To sum up our position, my colleagues and I believe a case has been made to change the Australian Human Rights Commission's complaints handling processes, but we cannot in good conscience support any changes to the wordings of section 18C. That is why we are moving an amendment to remove schedule 1 from the bill. As the law currently stands, 18C strikes the right balance between freedom of speech and protection from racial hatred.

I note the government has made further amendments to schedules 1 and 2 of the current bill. As we do not support any changes to section 18C, I can indicate that we will not be supporting the amendments listed on sheet HV208.

The amendments listed on HZ118, according to the supplementary explanatory memorandum, address technical issues in the bill to ensure that the government's policy intention in improving the commission's complaints handling processes can be properly implemented and do not impose a disproportionate regulatory or administrative burden on the commission. These amendments will also ensure that complainants, respondents and the commission itself have a clear understanding of their rights and obligations throughout the complaints handling process. They are a welcome improvement but more work certainly needs to be done.

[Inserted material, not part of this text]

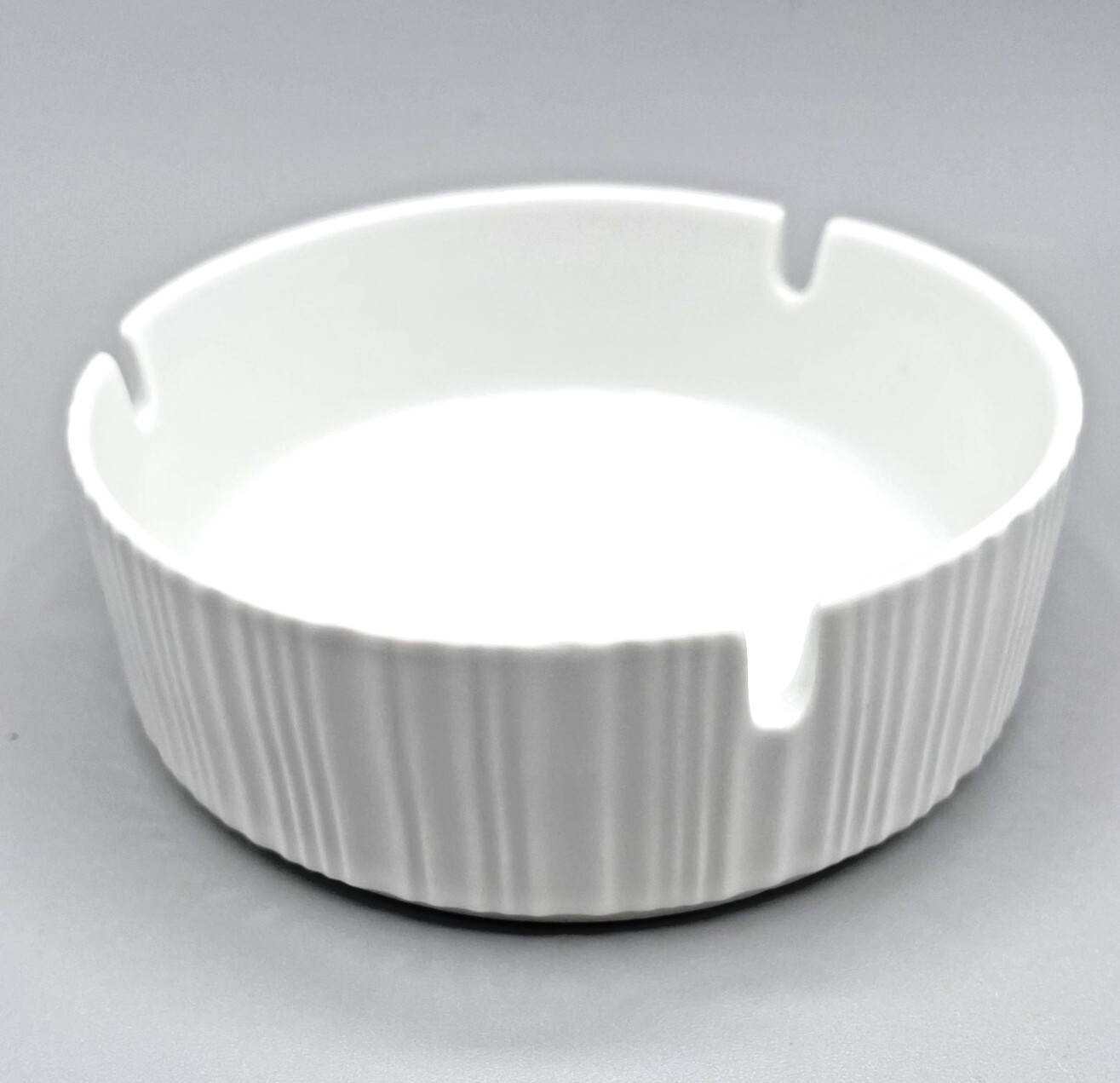 Ribbed Porcelain Ashtray Rosenthal Variation by Tapio Wirkkala 1962 Germany MCM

The Law Council of Australia believes that not all the issues have been addressed, and we remain concerned about two key issues. Firstly, the transitional arrangements outlined in the government's amendment apply to complaints made prior to the commencement of the relevant provisions. This is a change from what was originally proposed. It would have an impact on approximately 2,000 complaints that are currently before the commission and would require an unnecessary diversion of the commission's resources. We support the original transitional and application provisions contained in the bill and urge the government to reconsider its approach.

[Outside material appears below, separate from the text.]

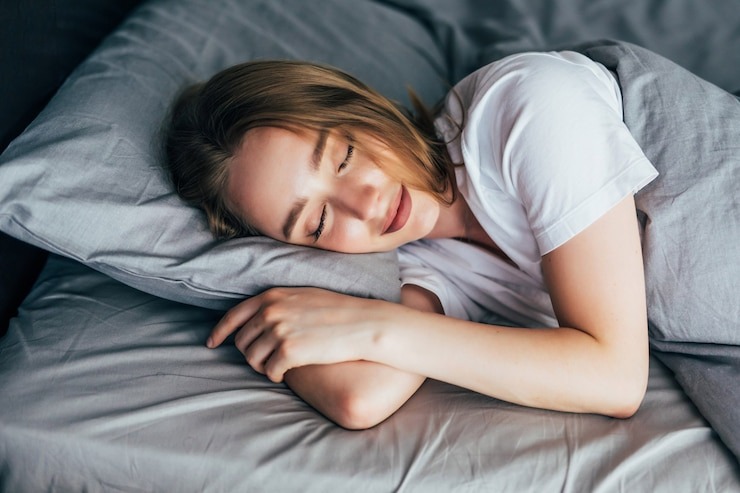 woman-sleeping_231208-12161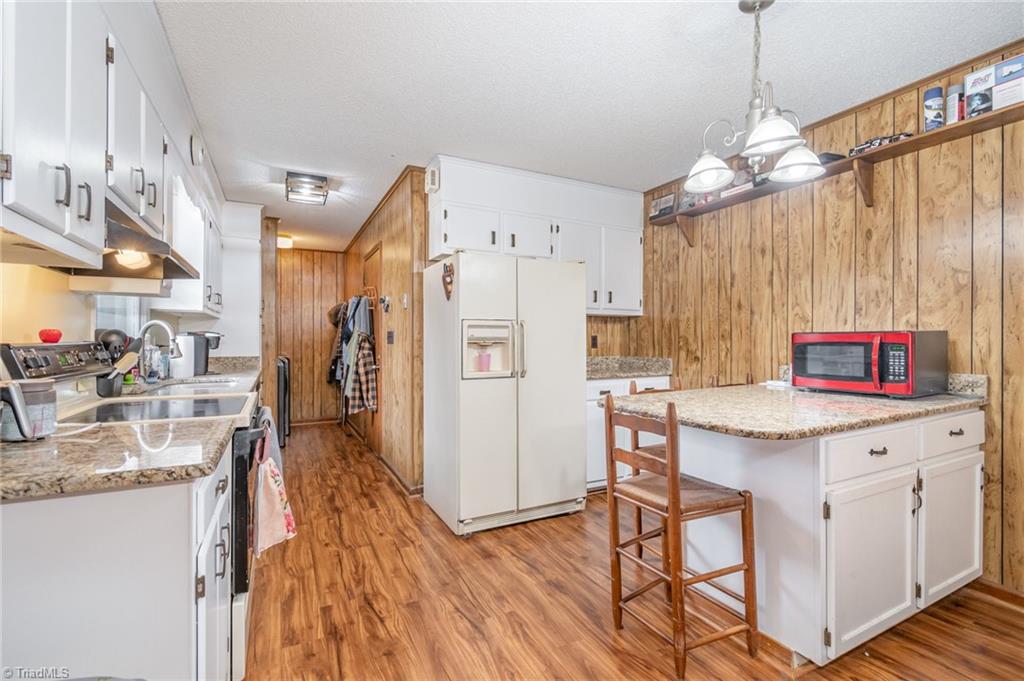 1660 Michael Road Lexington, NC 27295 - Photo 7 of 29 Kitchen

Finally, item 57 of the bill, relating to costs, should be removed. The court already has a discretion as to costs and can have regard to offers to settle. This amendment is unnecessary and should be removed.

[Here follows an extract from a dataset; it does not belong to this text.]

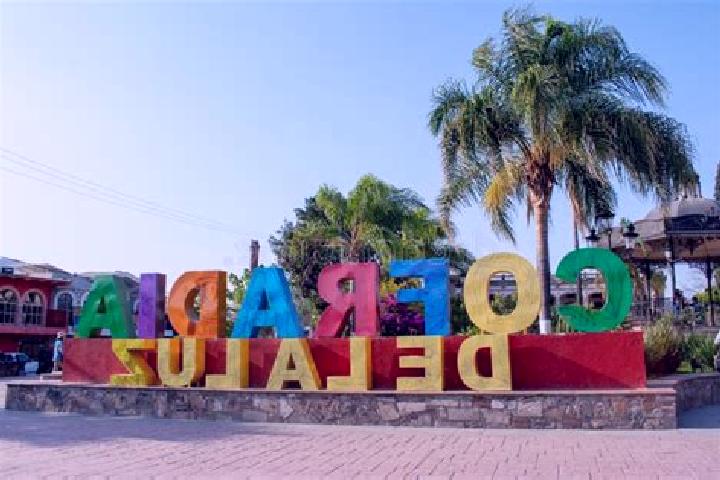 Mia, 37 — Escort in Cofradia de Acuitapilco, Mexico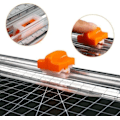 Miniatyrbillede 4 af 5: /QD/A4 papirtrimmer - Professionel - 12 tommer - Sikkerhedssystem - Udskifteligt blad - Sort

We also have other concerns that are not addressed by this bill or the new amendments. My colleague Senator Xenophon asked Professor Gillian Triggs at the Legal and Constitutional Affairs Legislation Committee inquiry into this bill about any confidentiality requirements when complaints are before the commission. We are concerned that there may be cases where a complaint is made, particularly when it is frivolous or vexatious, and the complainant then publicly names the respondent, or vice versa, which would lead to added and unnecessary distress. Professor Triggs took this question on notice and the commission provided further information, which we appreciated. The commission stated that there is currently no obligation on parties not to disclose the fact that a complaint has been made or the details of the complaint. In general, increased publicity tends to make it more difficult for the parties to achieve a conciliated outcome through the commission's processes. The commission considered that there was a potential benefit in Senator Xenophon's proposal that confidentiality be maintained up until the end of the conciliation stage. This is a proposal that we want to explore in more detail but, unfortunately, time is not something we have a lot of this week.

As I said at the outset, the Nick Xenophon Team has been consistent in calling for reforms to the complaints-handling process. The Senate should not rush this legislation through for the sake of political convenience. We need to make sure we get this right.